See Caching Architecture for full design details.

Usage

Basic In-Memory Cache

from causaliq_core.cache import TokenCache

# In-memory cache (fast, non-persistent)
with TokenCache(":memory:") as cache:
    assert cache.table_exists("tokens")
    assert cache.table_exists("cache_entries")

File-Based Persistent Cache

from causaliq_core.cache import TokenCache

# File-based cache (persistent)
with TokenCache("my_cache.db") as cache:
    # Data persists across sessions
    print(f"Entries: {cache.entry_count()}")
    print(f"Tokens: {cache.token_count()}")

Transaction Support

from causaliq_core.cache import TokenCache

with TokenCache(":memory:") as cache:
    # Transactions auto-commit on success, rollback on exception
    with cache.transaction() as cursor:
        cursor.execute("INSERT INTO tokens (token) VALUES (?)", ("example",))

Token Dictionary

The cache maintains a shared token dictionary for cross-entry compression.
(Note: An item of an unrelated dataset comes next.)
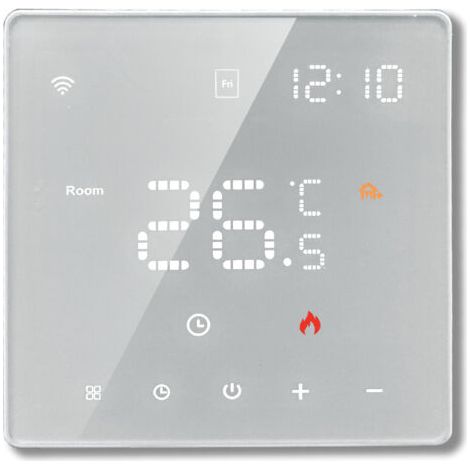 QORVA-Thermostat pour Plancher Chauffant Intelligent WiFi , Thermostat de Chauffage Électrique Domestique Intelligent avec Contrôle Vocal, Écran Couleur LED Blanc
Compressors use this to convert strings to compact integer IDs:

from causaliq_core.cache import TokenCache

with TokenCache(":memory:") as cache:
    # Get or create token IDs (used by compressors)
    id1 = cache.get_or_create_token("hello")  # Returns 1
    id2 = cache.get_or_create_token("world")  # Returns 2
    id1_again = cache.get_or_create_token("hello")  # Returns 1 (cached)
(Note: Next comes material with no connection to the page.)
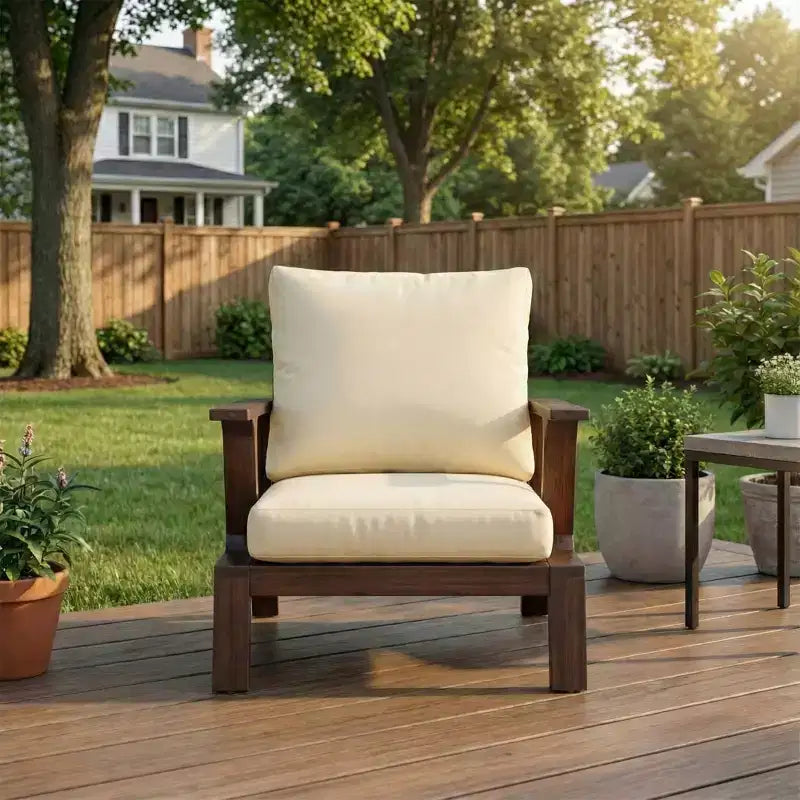 Patio Accent Chair 27.6 Wood Chair Outdoor Lounge Chair for Patios,Gardens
    # Look up token by ID (used for decompression)
    token = cache.get_token(1)  # Returns "hello"

Storing and Retrieving Entries

Cache entries are stored as binary blobs with a hash key:

from causaliq_core.cache import TokenCache

with TokenCache(":memory:") as cache:
    # Store an entry
    cache.put("abc123", b"response data")

    # Check if entry exists
    if cache.exists("abc123"):
        # Retrieve entry
        data = cache.get("abc123")  # Returns b"response data"

    # Store with metadata
    cache.put("def456", b"data", metadata=b"extra info")
    result = cache.get_with_metadata("def456")
    # result = (b"data", b"extra info")

    # Delete entry
    cache.delete("abc123")

Auto-Compression with Registered Compressor

Set a compressor to automatically compress/decompress entries:

from causaliq_core.cache import TokenCache
from causaliq_core.cache.compressors import JsonCompressor

with TokenCache(":memory:") as cache:
    # Set compressor for automatic compression
    cache.set_compressor(JsonCompressor())
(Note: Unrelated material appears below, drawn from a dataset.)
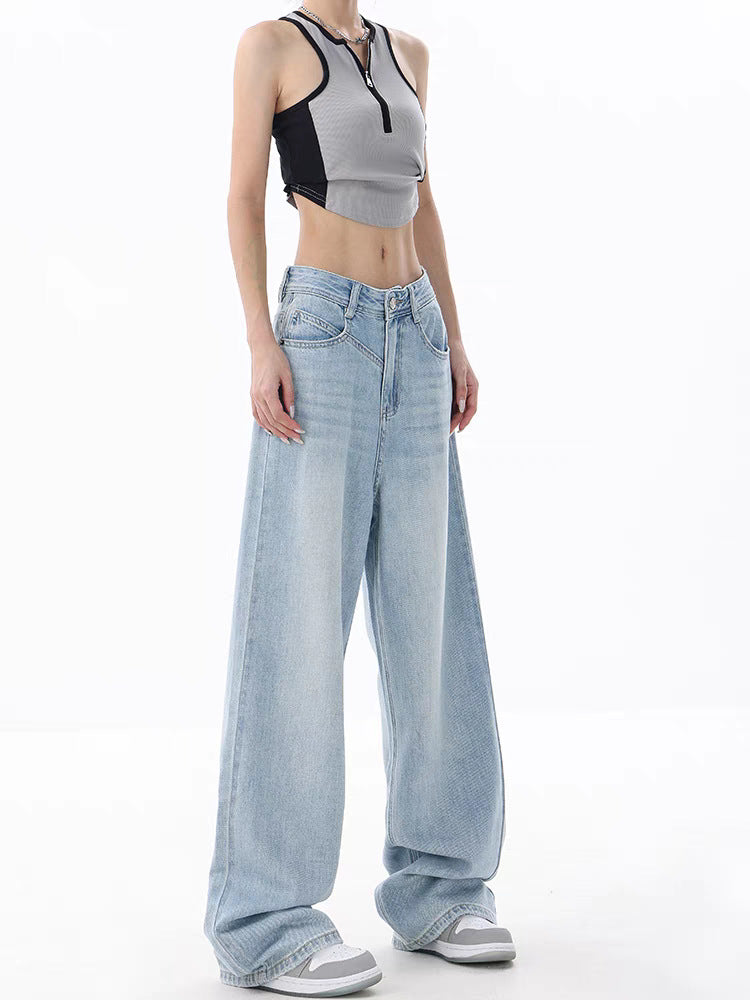 Women's Loose Light Blue Washed Wide-leg Jeans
    # Store data (auto-compressed)
    cache.put_data("hash1", {"role": "user", "content": "Hello"})

    # Retrieve data (auto-decompressed)
    data = cache.get_data("hash1")
    # data = {"role": "user", "content": "Hello"}

    # Store with metadata
    cache.put_data("hash2",
                   {"response": "Hi!"},
                   metadata={"latency_ms": 150})
    result = cache.get_data_with_metadata("hash2")
    # result = ({"response": "Hi!"}, {"latency_ms": 150})

Hash Collision Handling

Use key_json parameter to prevent returning incorrect data when different keys produce the same truncated hash:

from causaliq_core.cache import TokenCache
from causaliq_core.cache.compressors import JsonCompressor

with TokenCache(":memory:") as cache:
    cache.set_compressor(JsonCompressor())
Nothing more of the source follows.